● Exercise description: Leave every picture out and print exactly the lines that run from the one containing "Uncensored Cat VOMITS #shorts" to the end of the listing.
********
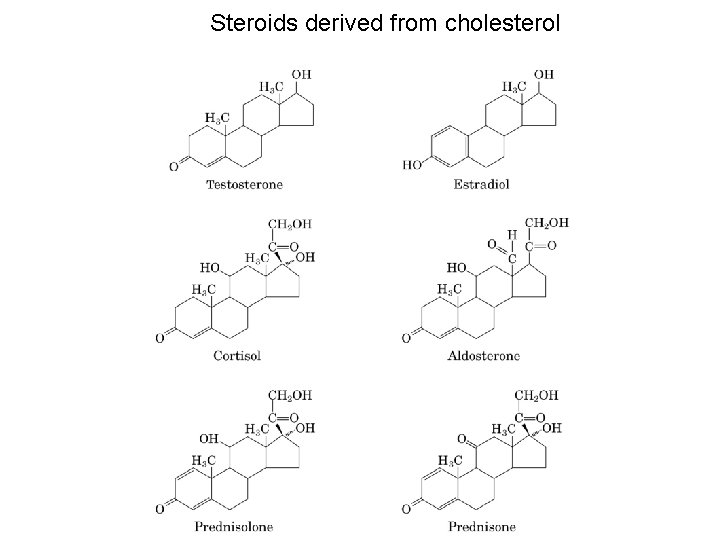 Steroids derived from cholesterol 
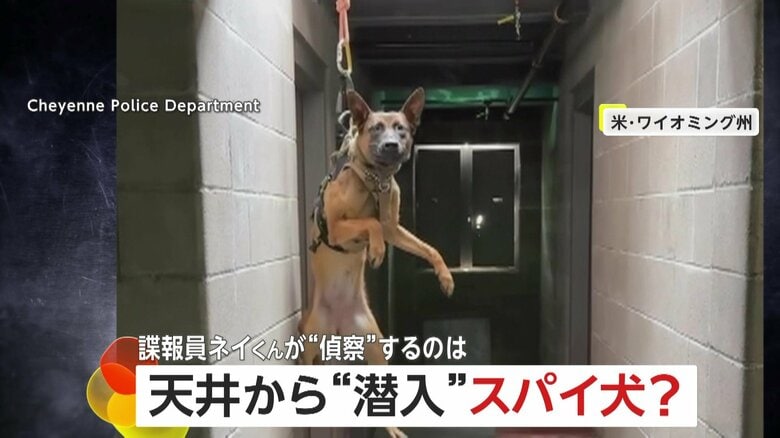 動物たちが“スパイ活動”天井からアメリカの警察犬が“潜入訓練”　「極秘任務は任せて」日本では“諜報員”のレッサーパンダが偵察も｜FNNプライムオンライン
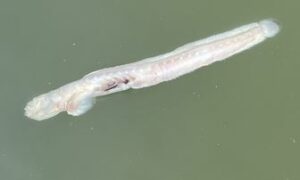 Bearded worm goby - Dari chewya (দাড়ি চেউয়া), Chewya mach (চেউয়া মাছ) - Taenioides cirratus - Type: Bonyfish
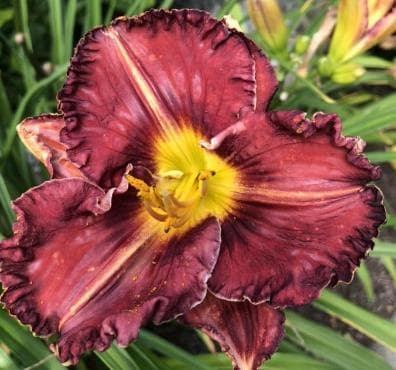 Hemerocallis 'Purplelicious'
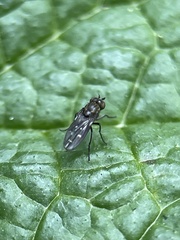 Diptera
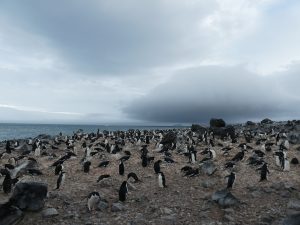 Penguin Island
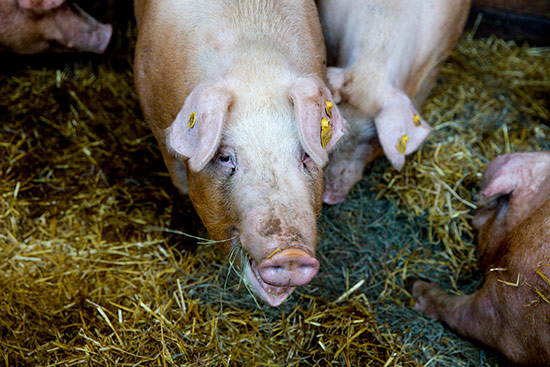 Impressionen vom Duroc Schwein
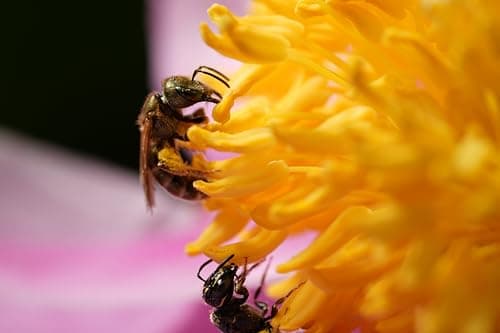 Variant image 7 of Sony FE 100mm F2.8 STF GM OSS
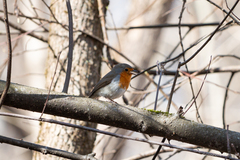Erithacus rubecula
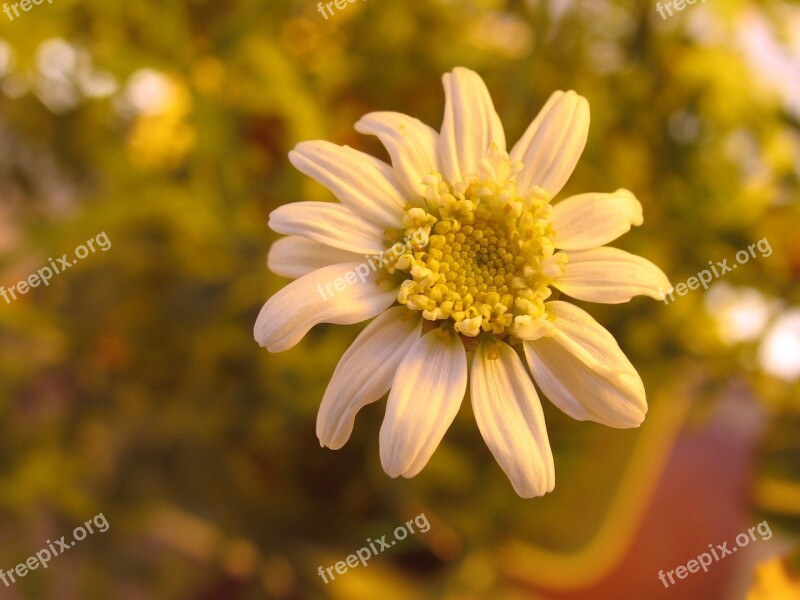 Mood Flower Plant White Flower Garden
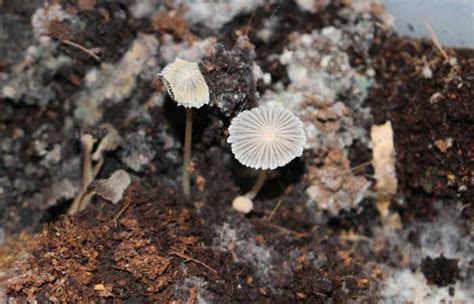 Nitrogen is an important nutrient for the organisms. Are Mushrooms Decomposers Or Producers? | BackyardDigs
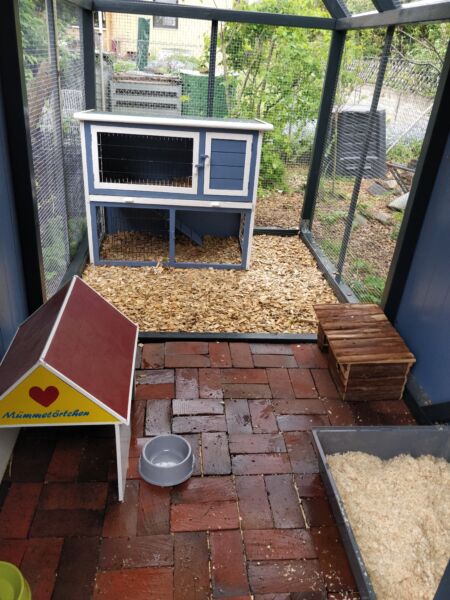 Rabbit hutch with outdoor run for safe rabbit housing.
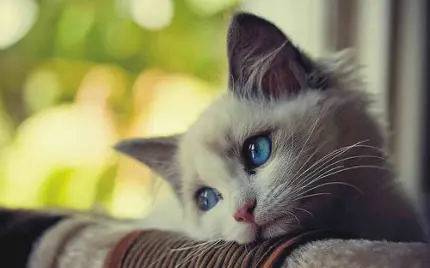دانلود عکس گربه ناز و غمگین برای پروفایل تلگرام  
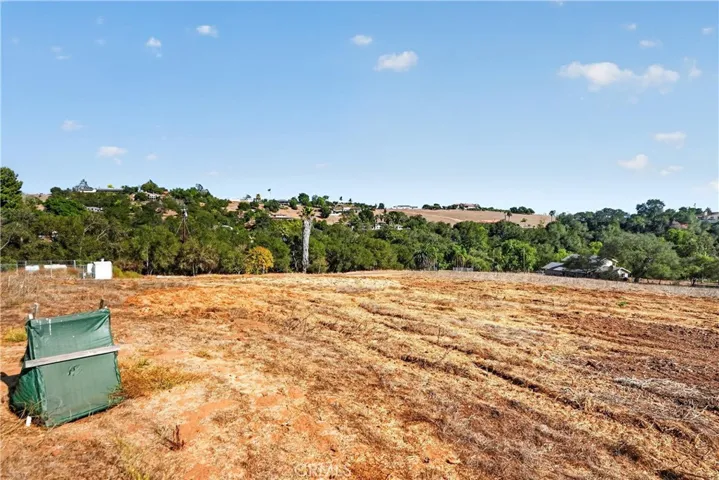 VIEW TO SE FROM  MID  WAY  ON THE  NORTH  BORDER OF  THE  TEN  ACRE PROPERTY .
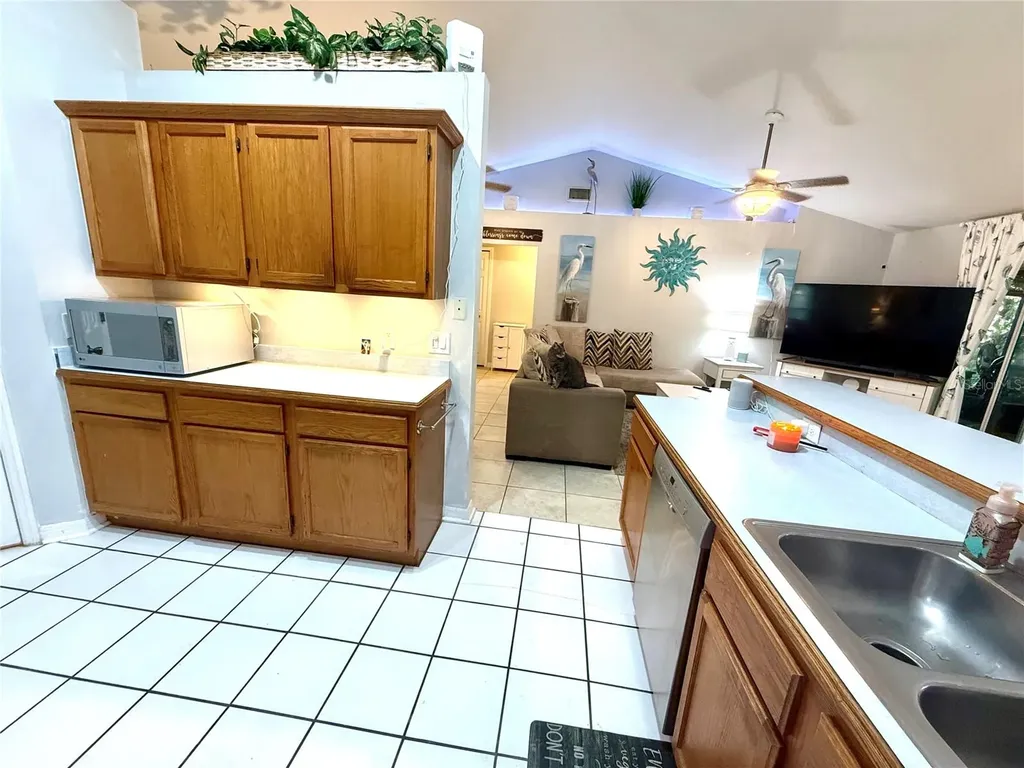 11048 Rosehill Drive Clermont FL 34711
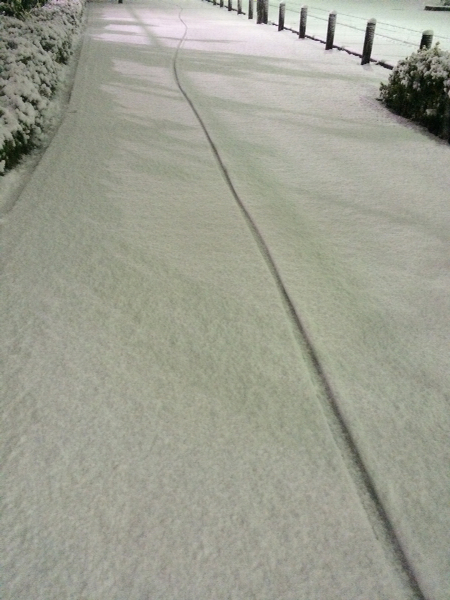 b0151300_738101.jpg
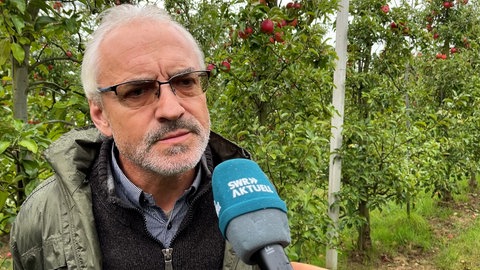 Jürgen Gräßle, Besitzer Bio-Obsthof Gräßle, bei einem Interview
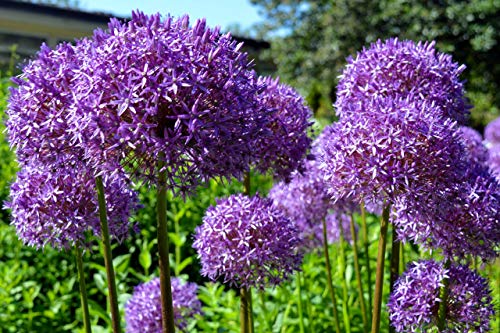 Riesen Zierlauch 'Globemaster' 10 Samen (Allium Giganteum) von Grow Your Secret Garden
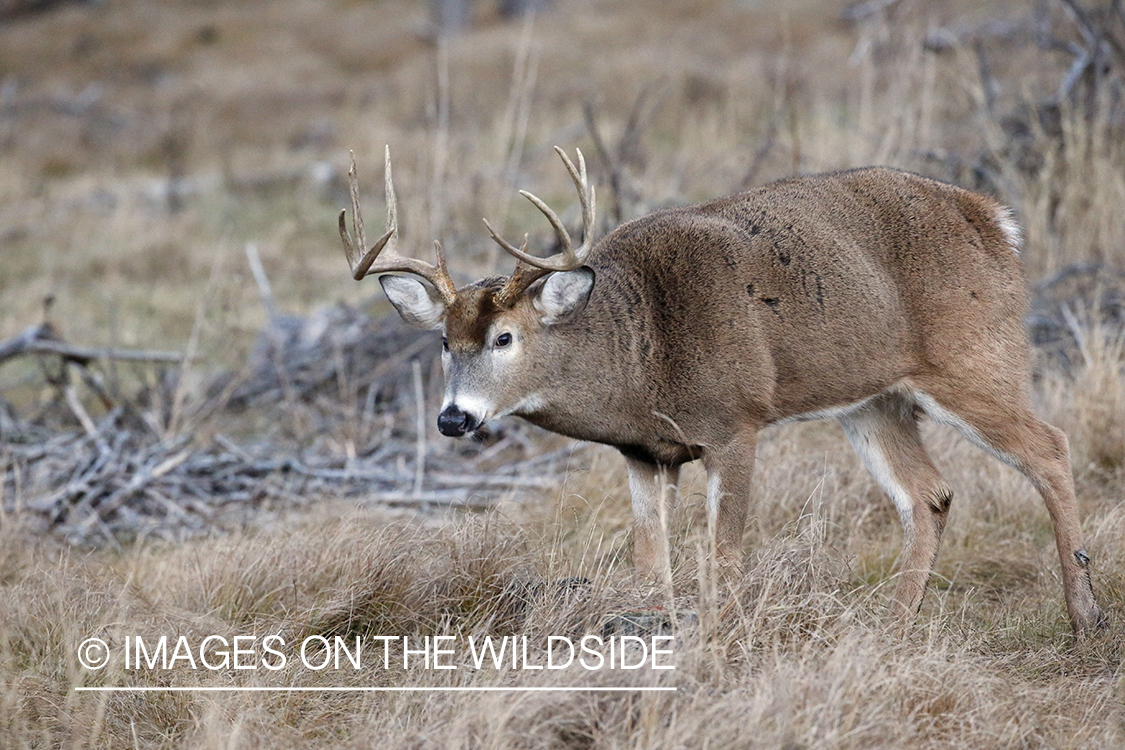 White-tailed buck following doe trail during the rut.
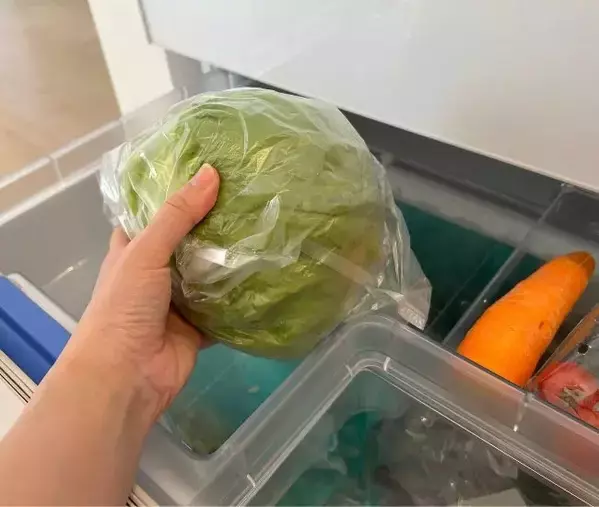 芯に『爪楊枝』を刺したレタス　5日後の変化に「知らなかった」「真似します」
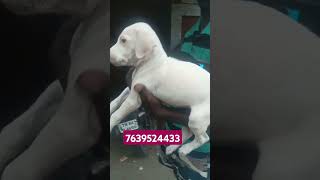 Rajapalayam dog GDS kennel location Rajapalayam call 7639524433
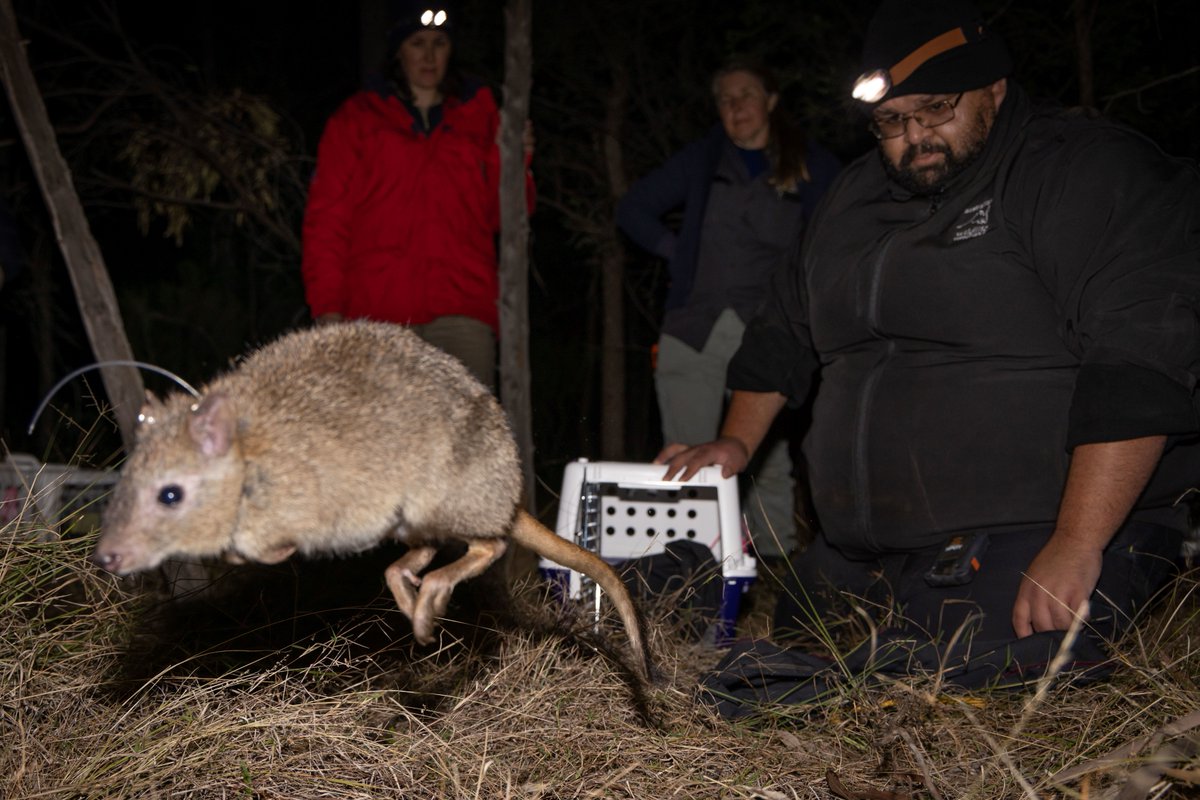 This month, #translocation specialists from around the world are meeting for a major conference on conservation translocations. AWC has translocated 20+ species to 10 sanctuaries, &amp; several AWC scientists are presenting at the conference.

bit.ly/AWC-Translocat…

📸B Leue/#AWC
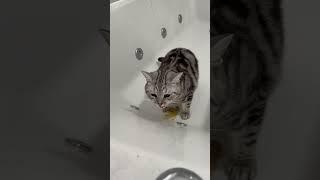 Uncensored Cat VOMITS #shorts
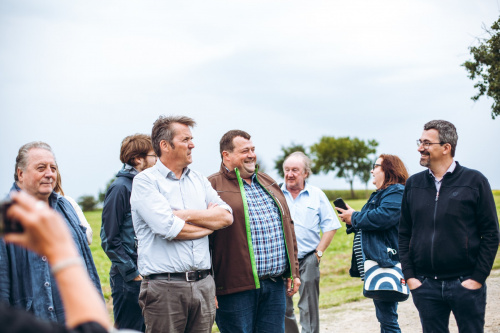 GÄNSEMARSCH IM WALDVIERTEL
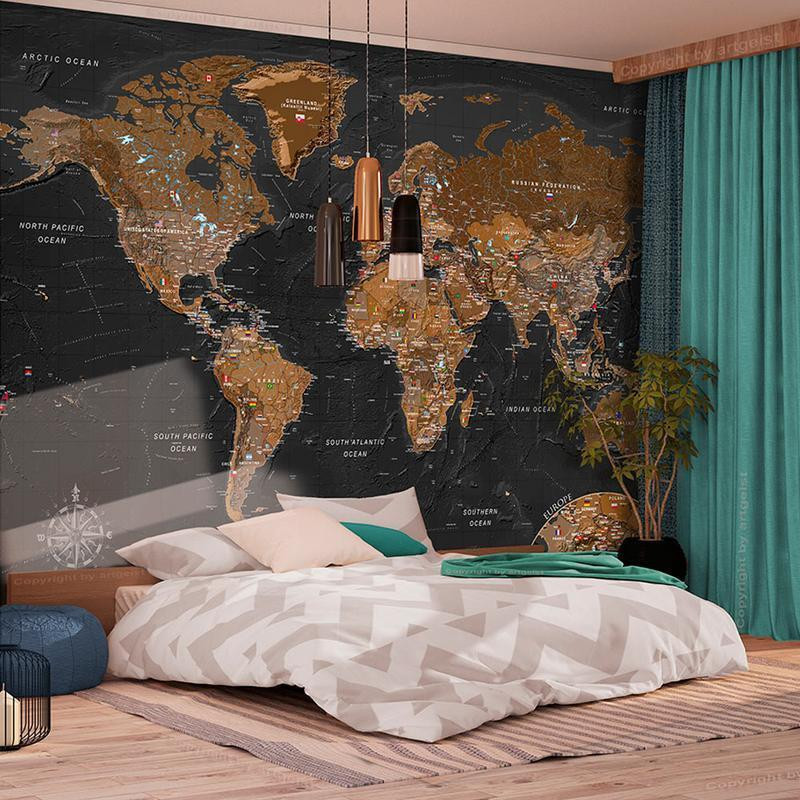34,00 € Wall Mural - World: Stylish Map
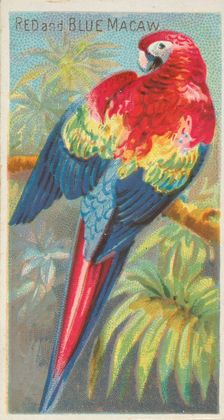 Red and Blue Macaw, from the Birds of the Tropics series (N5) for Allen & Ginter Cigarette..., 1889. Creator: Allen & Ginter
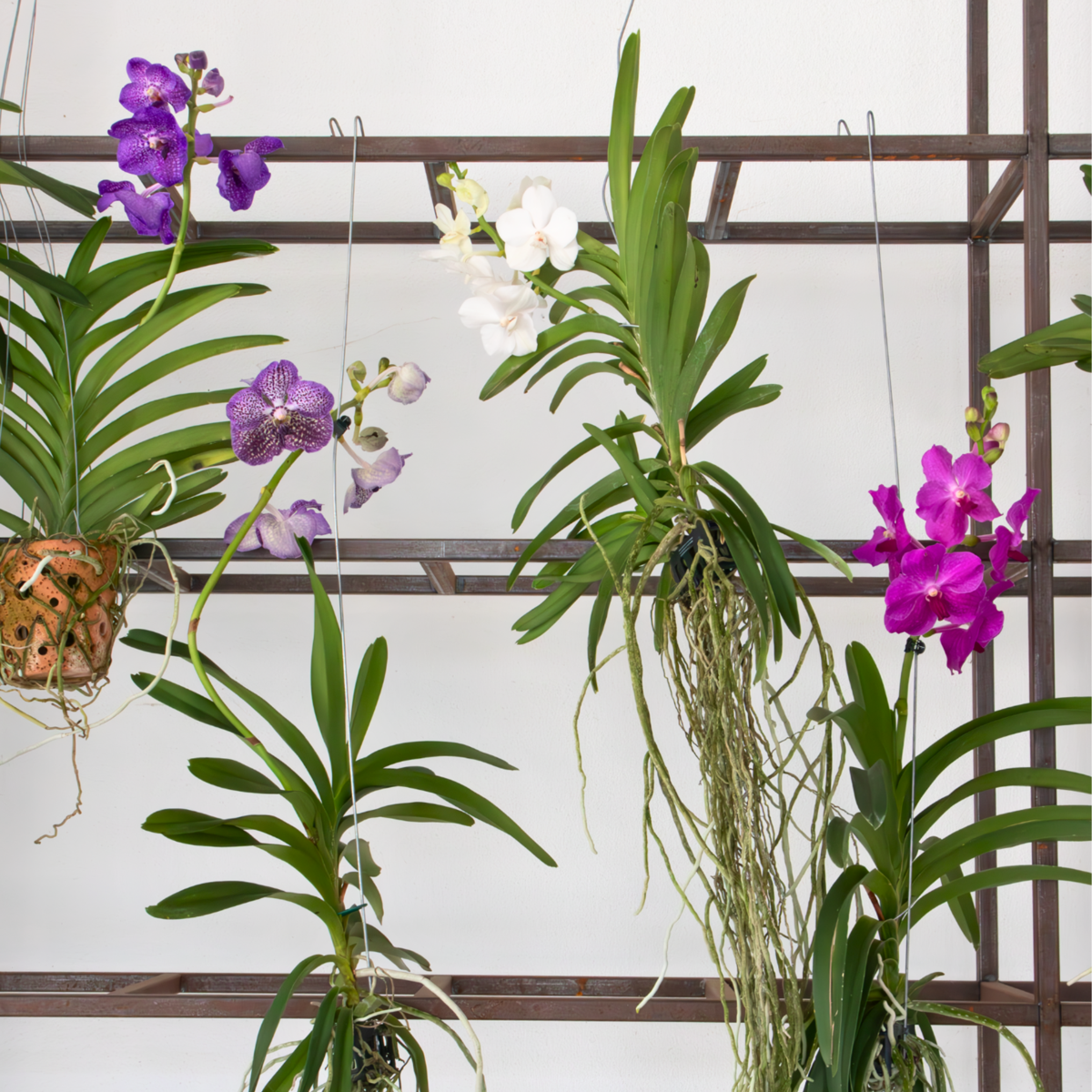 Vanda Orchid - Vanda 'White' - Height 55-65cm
********
● Solution to the exercise:
 Uncensored Cat VOMITS #shorts
 GÄNSEMARSCH IM WALDVIERTEL
34,00 € Wall Mural - World: Stylish Map
 Red and Blue Macaw, from the Birds of the Tropics series (N5) for Allen & Ginter Cigarette..., 1889. Creator: Allen & Ginter
 Vanda Orchid - Vanda 'White' - Height 55-65cm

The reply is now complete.